4. Aux termes de l'article 109 du même code : " 1. Sont considérés comme revenus distribués : 1° Tous les bénéfices ou produits qui ne sont pas mis en réserve ou incorporés au capital ". Aux termes de l'article 119 bis du même code : " (...) 2. Les produits visés aux articles 108 à 117 bis donnent lieu à l'application d'une retenue à la source dont le taux est fixé par l'article 187 lorsqu'ils bénéficient à des personnes qui n'ont pas leur domicile fiscal ou leur siège en France ".
5. Il résulte de l'instruction qu'au cours de la période vérifiée, la société requérante a comptabilisé en charges et déduit de ses bénéfices imposables les intérêts moratoires que lui a facturés, chaque année, une société Infidis Gmbh, dont le siège est à Zoug (canton de Zoug) en Suisse, le capital de cette société étant entièrement détenu par une société Kraftwerk Europe Ag, ayant son siège à Zurich et laquelle détient également l'intégralité du capital social de la SARL Kraftwerk France. La société Infidis est le principal fournisseur des marchandises que la société Kraftwerk France distribue en Europe et lui vend ainsi chaque année de l'ordre de 9,6 millions d'euros d'outillages. Les conditions de vente prévoient que les factures doivent être réglées par la société Kraftwerk dans un délai de soixante jours. Au cours de la période vérifiée, aucune des factures de vente n'a été acquittée dans ce délai, de sorte que la société Infidis a facturé chaque année des intérêts moratoires au taux de 2,75 %, à hauteur de 89 928,31 euros au titre de l'année 2012, 78 091,32 euros en 2013 et 93 385,71 euros en 2014. Ces charges étaient appuyées de factures régulières établies par la société Infidis, celle concernant l'année 2014 étant en outre accompagnée d'un décompte des intérêts. Il ressort des propositions de rectifications et de ses écritures que l'administration, afin de refuser la déduction de ces sommes des bénéfices imposables, entend se fonder, à la fois sur les règles rappelées au point 2 ci-dessus et sur celles de l'article 238 A du code général des impôts.
6. Il ressort des propositions de rectification, retraçant notamment les résultats de la demande d'assistance internationale, que la société Infidis bénéficie dans le canton de Zoug d'un régime fiscal privilégié s'agissant de l'imposition de ses bénéfices par les autorités communales, cantonales et fédérales. Cette circonstance n'est au demeurant pas contestée par la société requérante qui supporte dès lors la charge de la preuve de ce que les dépenses en cause correspondent à des opérations réelles et ne présentent pas un caractère anormal ou exagéré.

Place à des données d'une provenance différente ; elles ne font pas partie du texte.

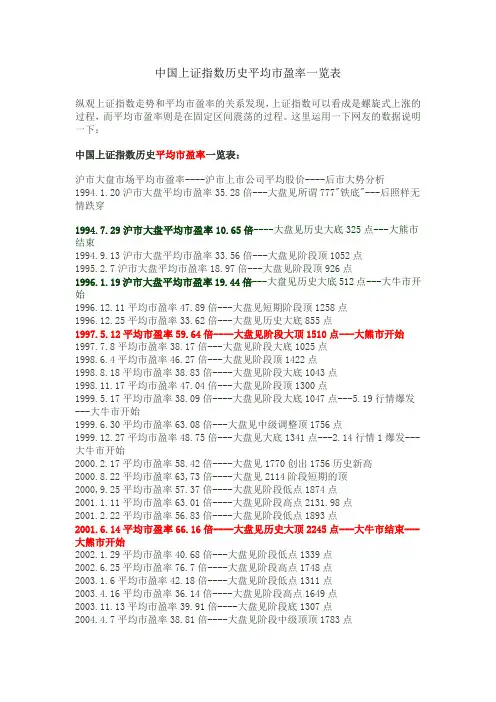 (完整word版)中国上证指数历史平均市盈率一览表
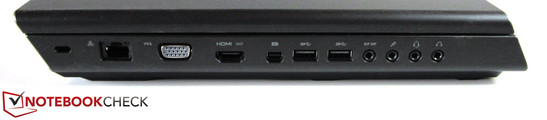 Coté gauche: Verrou Kensington, RJ-45 Gigabit-LAN, VGA, HDMI, Mini-DisplayPort, 2x USB 3.0, 4 ports audio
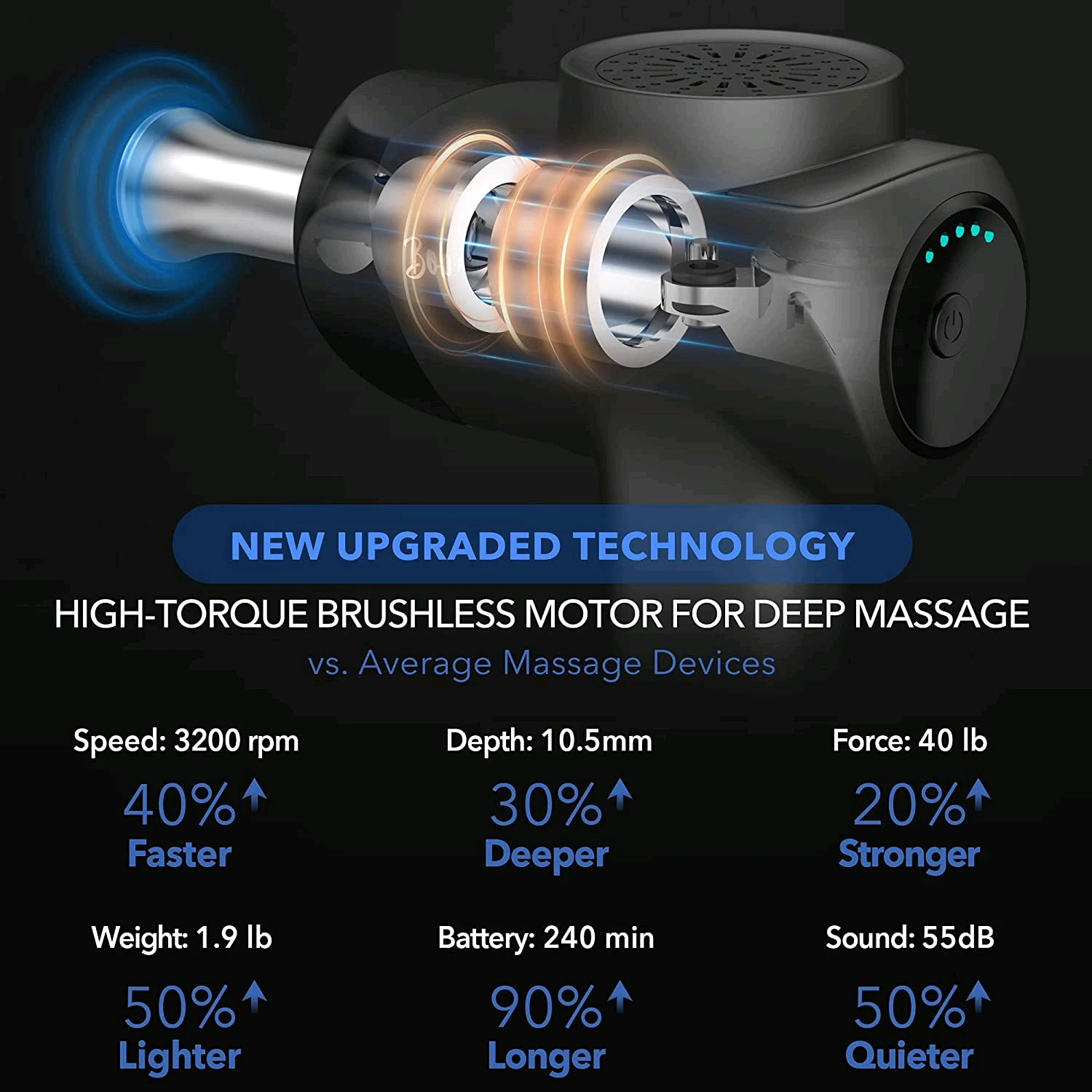 Bob and Brad X6 Pro Massage Gun _2 Bob and Brad X6 Pro Massage Gun _2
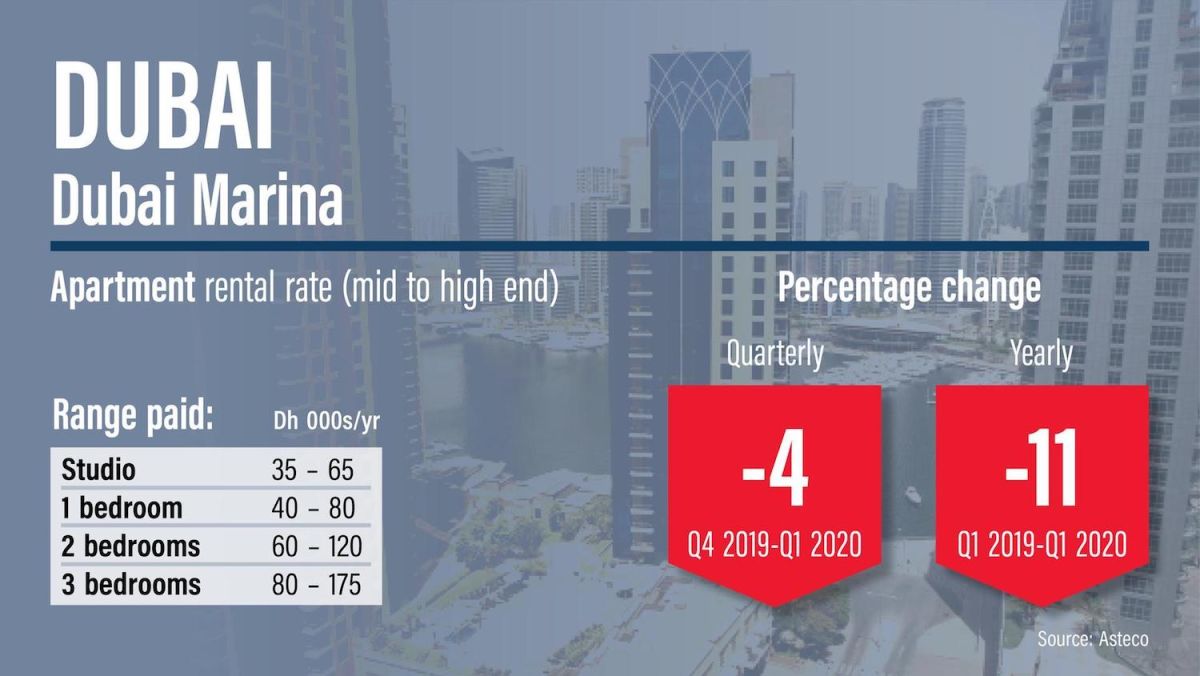 Where Dubai property rents have risen and fallen, Q1 2020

7. Si la société requérante soutient que les intérêts de retard facturés à raison du paiement tardif de factures de fournitures de marchandises ne sont pas visés par les dispositions de l'article 238 A du code général des impôts, il résulte de ces dispositions qu'entrent dans son champ d'application l'ensemble des versements effectués par des résidents de France à des non-résidents bénéficiaires dans l'Etat de leur résidence d'un régime fiscal privilégié, ayant pour cause, notamment, les intérêts des créances et obligations. Par suite, la société requérante n'est pas fondée à soutenir que seuls les revenus visés à l'article 124 du code général des impôts, relatifs aux revenus des créances, dépôts et cautionnements, entreraient dans le champ d'application de l'article 238 A du code général des impôts.
8. Il résulte de l'instruction que la société requérante procède au règlement des factures de la société Infidis de manière systématiquement tardive, au-delà du délai de soixante jours figurant dans les conditions de vente. Cette pratique a été constatée pour toutes les factures de la période vérifiée et il ressort des propositions de rectification qu'elle dure depuis l'année 2008. S'il ne saurait être contesté que la société Infidis a bien livré des marchandises à la société requérante et que le paiement d'intérêts moratoires est dû au fournisseur, même sans clause expresse du contrat de vente, le maintien de relations d'affaires entre la société Infidis et son client, en dépit de ces défauts de paiement systématiques à l'échéance, ne peut s'expliquer qu'en raison des liens existant entre ces deux sociétés sœurs, lesquelles sont les filiales d'une même société mère. Si la société requérante soutient que sa politique de gestion de sa trésorerie la conduit à régler ses fournisseurs après le délai de règlement stipulé dans leurs conditions de vente, compte tenu de ce que ses propres clients la payent à quatre-vingt-dix jours, elle n'établit pas adopter une telle attitude avec ses autres fournisseurs, tandis qu'une telle politique de paiement tardif ne saurait sérieusement être présentée comme relevant d'une gestion commerciale normale, alors qu'elle a pour effet de renchérir systématiquement ses achats. Si la société requérante fait état d'une situation de trésorerie difficile, les chiffres qu'elle avance ne sauraient expliquer ses défauts systématiques de paiement de son fournisseur à l'échéance depuis l'année 2008 sans même qu'elle ait cherché à obtenir de lui des délais de règlement au moins analogues à ceux qu'elle accorde à ses propres clients. Dans ces conditions, en constituant avec l'accord de sa société sœur l'apparence de paiements tardifs, la SARL Kraftwerk a en réalité organisé chaque année le transfert d'une partie de ses bénéfices au profit de la société Infidis établie dans un territoire où elle est soumise à un régime fiscal privilégié. Par suite, les dépenses litigieuses ne présentent pas un caractère normal.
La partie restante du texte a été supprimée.